Have I been using grep wrong this whole time?
At some point in our lives we may stop and ask ourselves - are we doing the right thing? I've asked myself that question numerous times, most recently - am I using the grep wrong?
Let's start from the beginning - what is grep?
grep
is a pattern searching command line tool in linux which goes into the file and searches for pattern you have provided and prints out the result. I use it quite a lot, however, rather simple, nothing fancy. Here is its description from the man pages[1]:
DESCRIPTION
grep searches for PATTERNS in each FILE. PATTERNS is one or more
patterns separated by newline characters, and grep prints each
line that matches a pattern. Typically PATTERNS should be quoted
when grep is used in a shell command.
A FILE of “-” stands for standard input.

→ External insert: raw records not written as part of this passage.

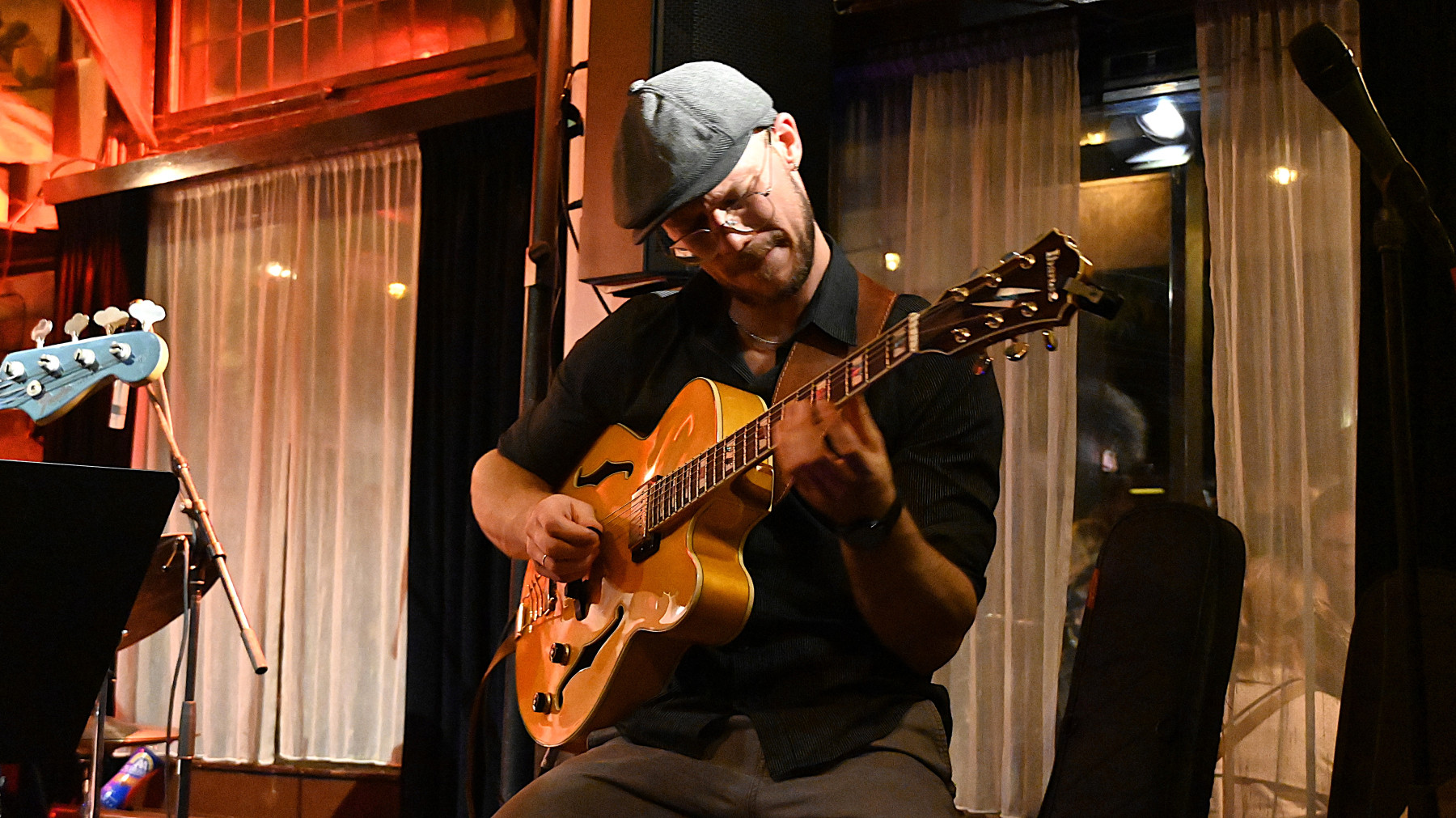 Girts Celmins – Laren Jazz 2025 Girts Celmins - Laren Jazz 2025
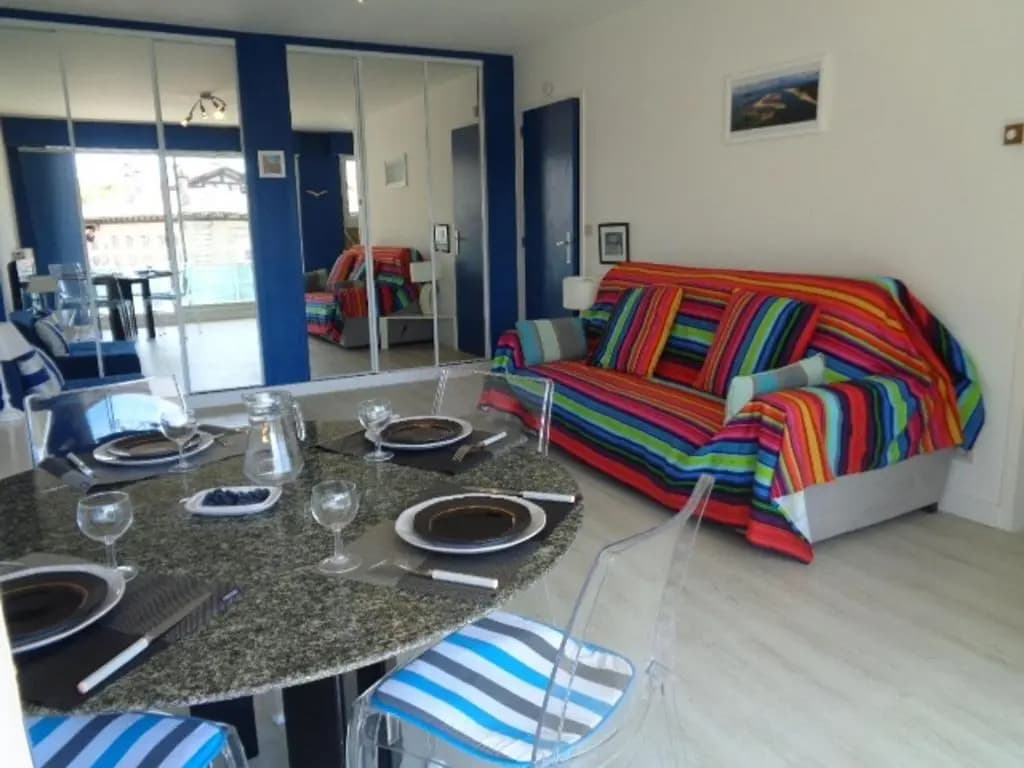 Appartement Arcachon, 1 pièce, 2 personnes - FR-1-374-28 - Photo 5
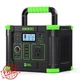 EBL 288Wh Portable Power Station, 330W Solar Generator, Pure Sine Wave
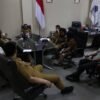 Sekwan Niklas Pimpin Rapat Struktural, Perkuat Koordinasi Internal DPRD Sulut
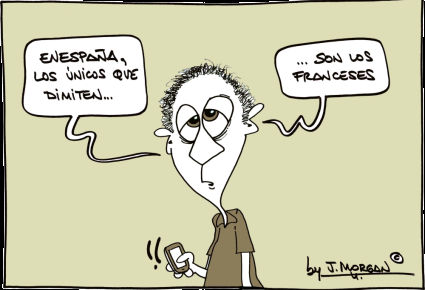 [HUMOR EN CÁPSULAS] Para hoy martes, 5 de junio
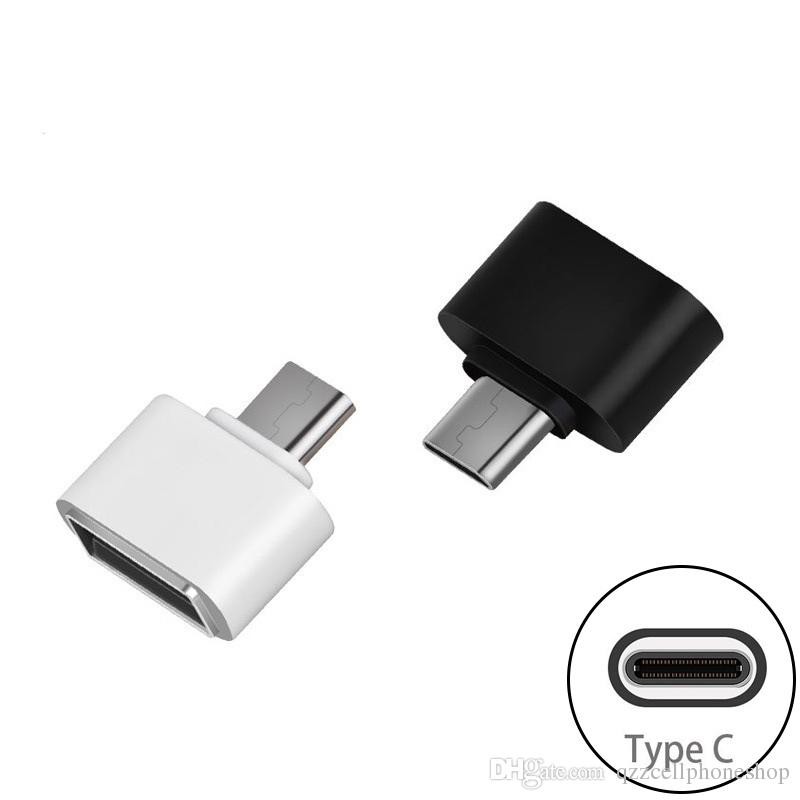 OTG Type C / TipeC / OTG Type C - USB Flash Driver For Smart Phone and Tablets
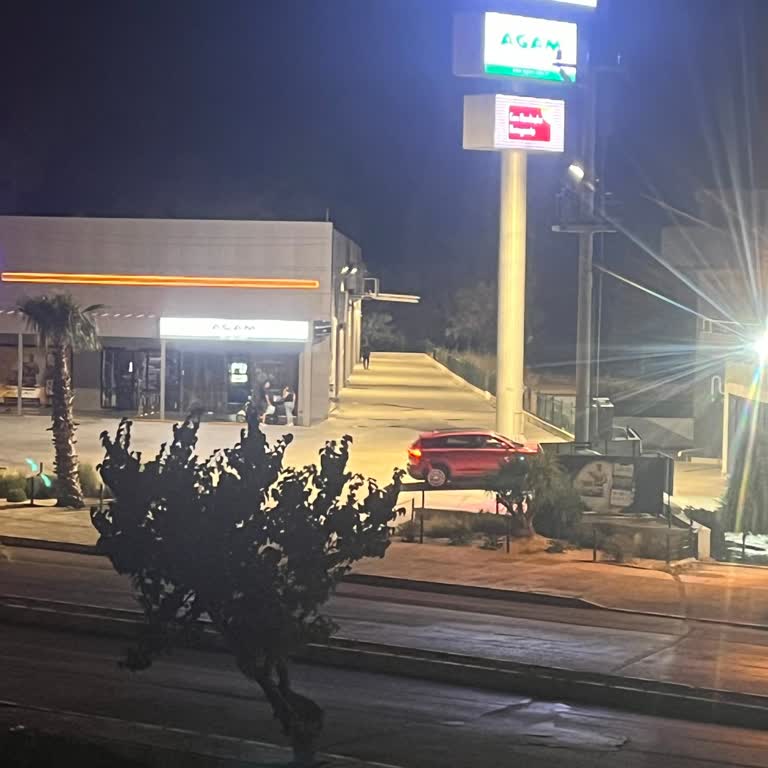 Ağam Baklavaları Saati Dışında Mağazanızın Kapanışı Hak.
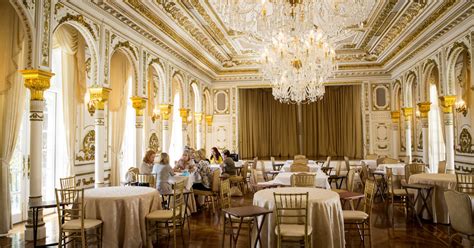 A Look Inside Mar-a-Lago - The card room at Mar-a-Lago. - The New York ...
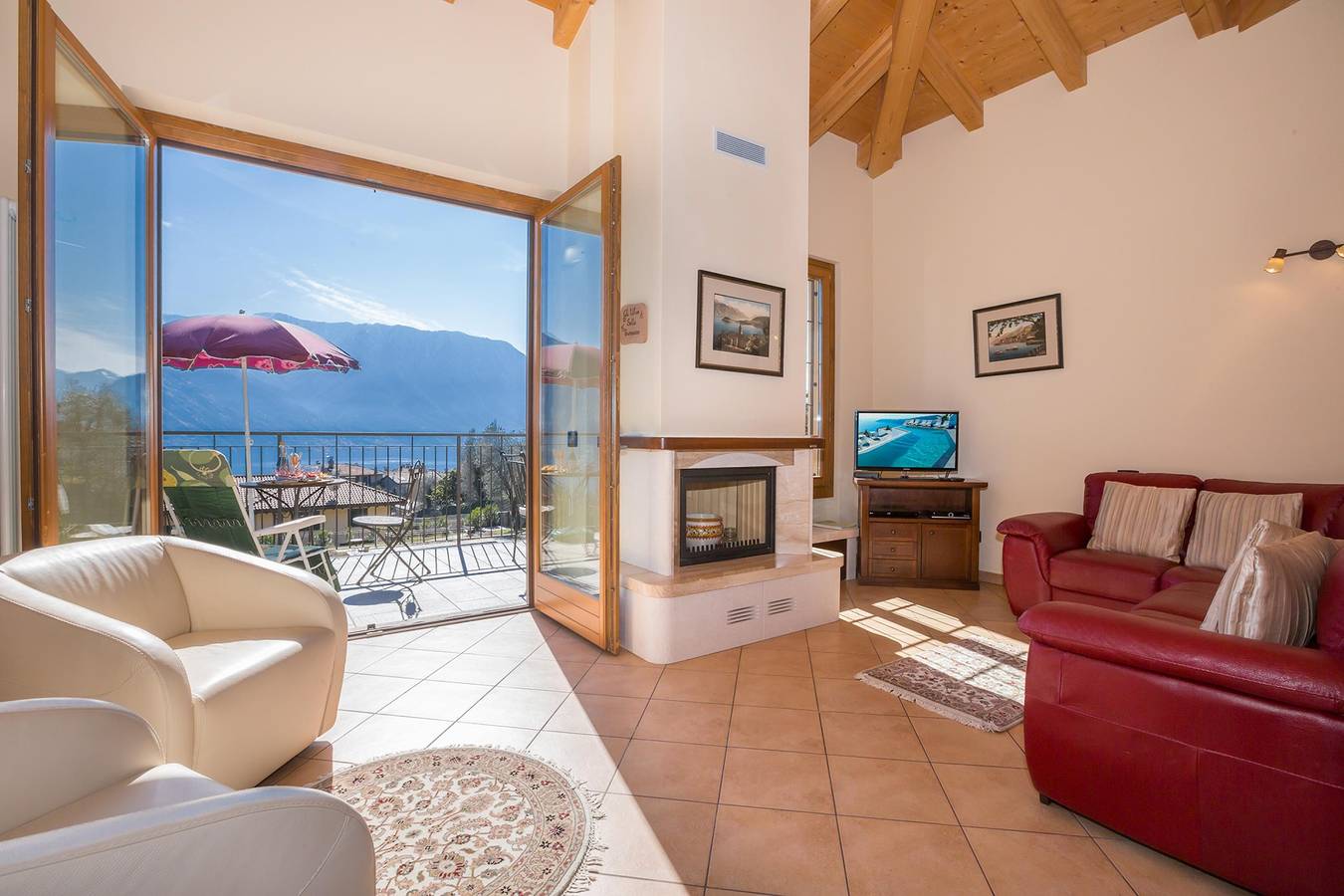 Appartement entier, Tremezzo Ulivi Apt. 7 in Tremezzo, Région de Tremezzina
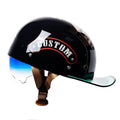 Casco de Moto para Hombres Integral Estiloso y Seguro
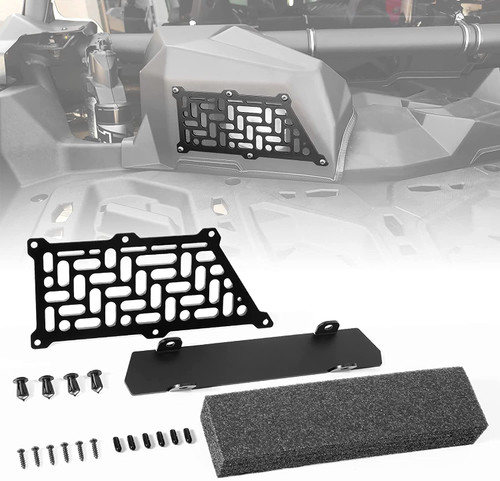 Noise Reduction Kit for Can-Am Maverick X3 Noise Reduction Kit for Can-Am Maverick X3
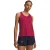 Under Armour Dames/Dames 4 Way Stretch Tanktop (Claret)
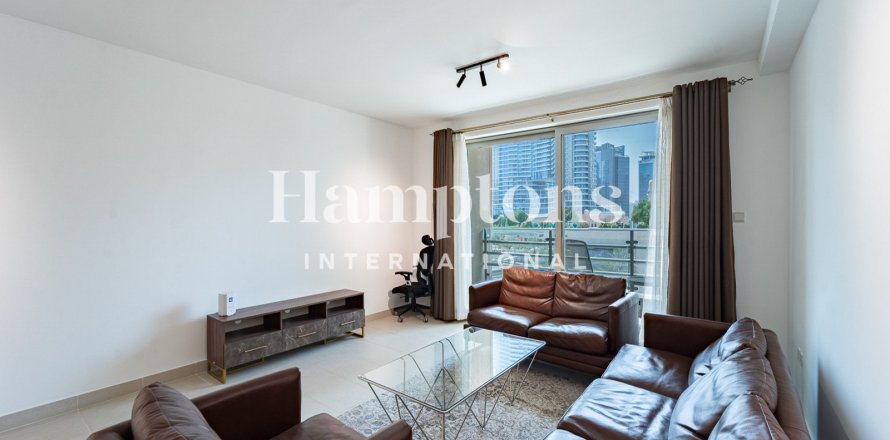 Apartamento en Downtown Dubai (Downtown Burj Dubai), Dubai, EAU 1 dormitorio, 93.5533 m² № 714209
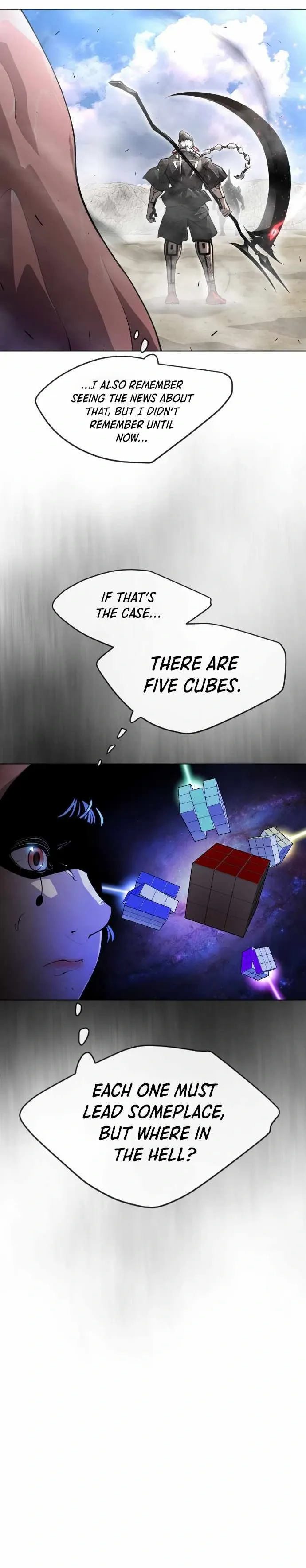 The Superhuman Era Chapter 136 Page 13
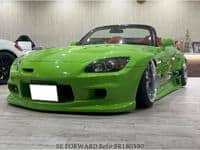 2001 HONDA S2000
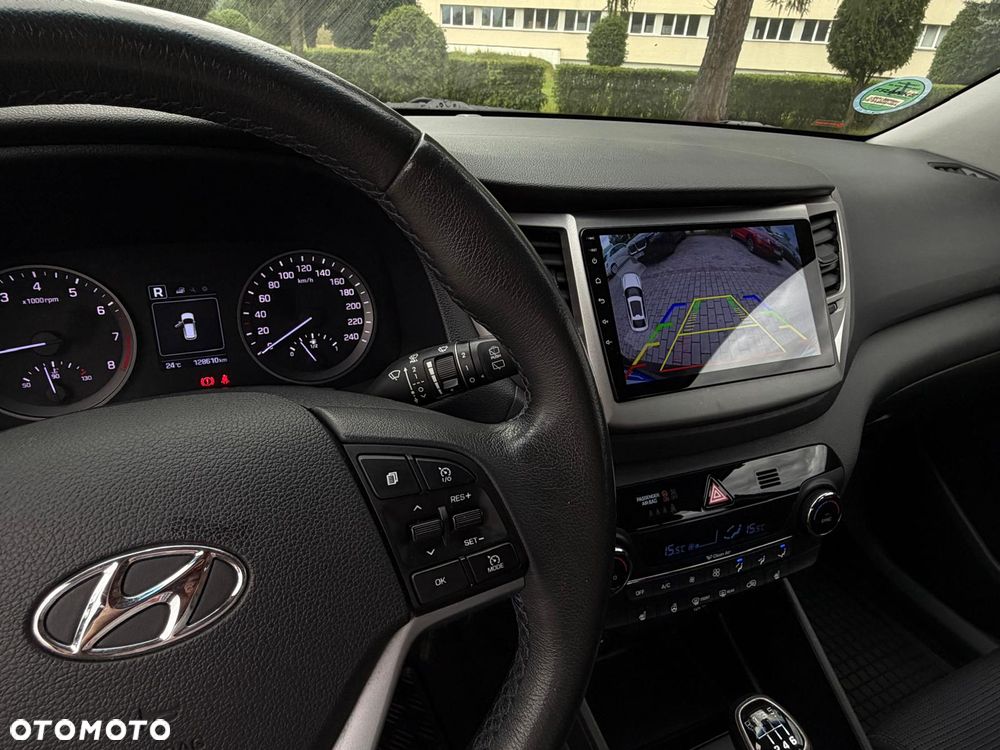 Hyundai Tucson 1.6 Turbo 2WD Passion - 17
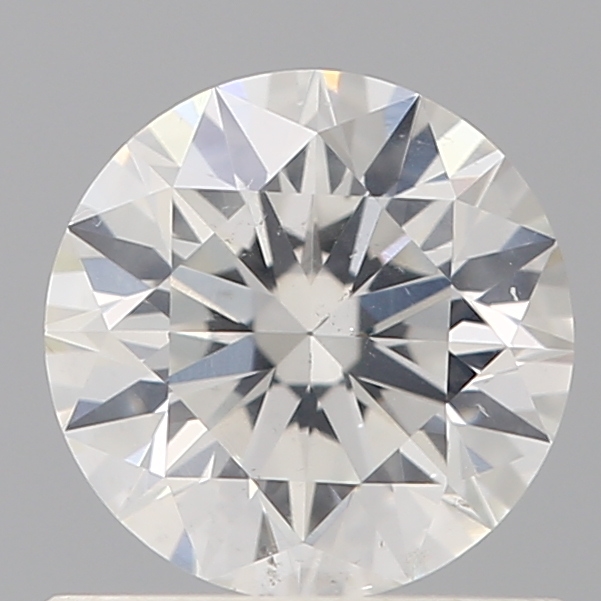 Round 0.71 ct G SI2
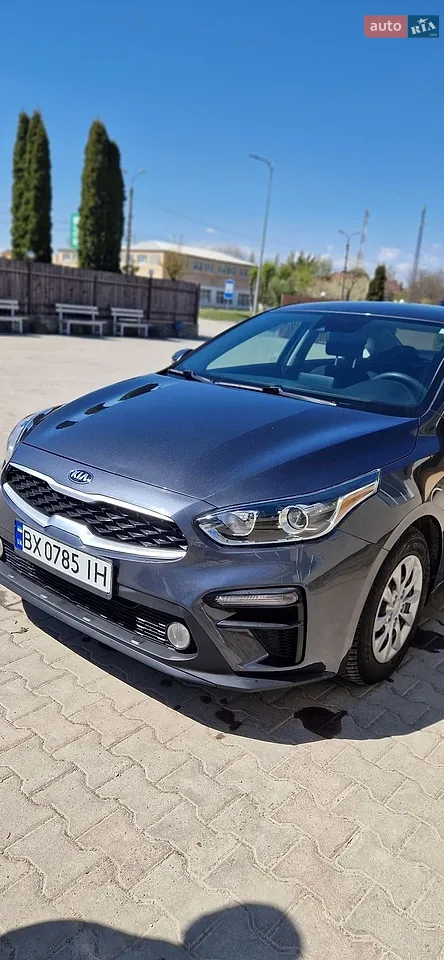 2018 Kia Forte - мініатюра 21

If no FILE is given,
recursive searches examine the working directory, and
nonrecursive searches read standard input.
Okay, that was straight forward. Now the reason for me questioning my decisions - I often times use grep
in combination with cat
. What is cat
now?
cat
is, despite being a domestic species of a small carnivorous mammal[2], also a popular command line tool in Linux which is used primarily (at least, this is how I use it) for showing the output of some file. Here is the short description from man pages[3]:
DESCRIPTION
Concatenate FILE(s) to standard output.
With no FILE, or when FILE is -, read standard input.
How do I use them together you may ask?
I use them in combination - cat
some file and piping it to grep
to search for some pattern. Something like the below snippet:
$ cat some-file.txt | grep <pattern>
And what is wrong with the above command? Well, if we don't take into account that we spin up additional process, and type a bit longer, no, nothing is wrong with the above command, at least I think it isn't.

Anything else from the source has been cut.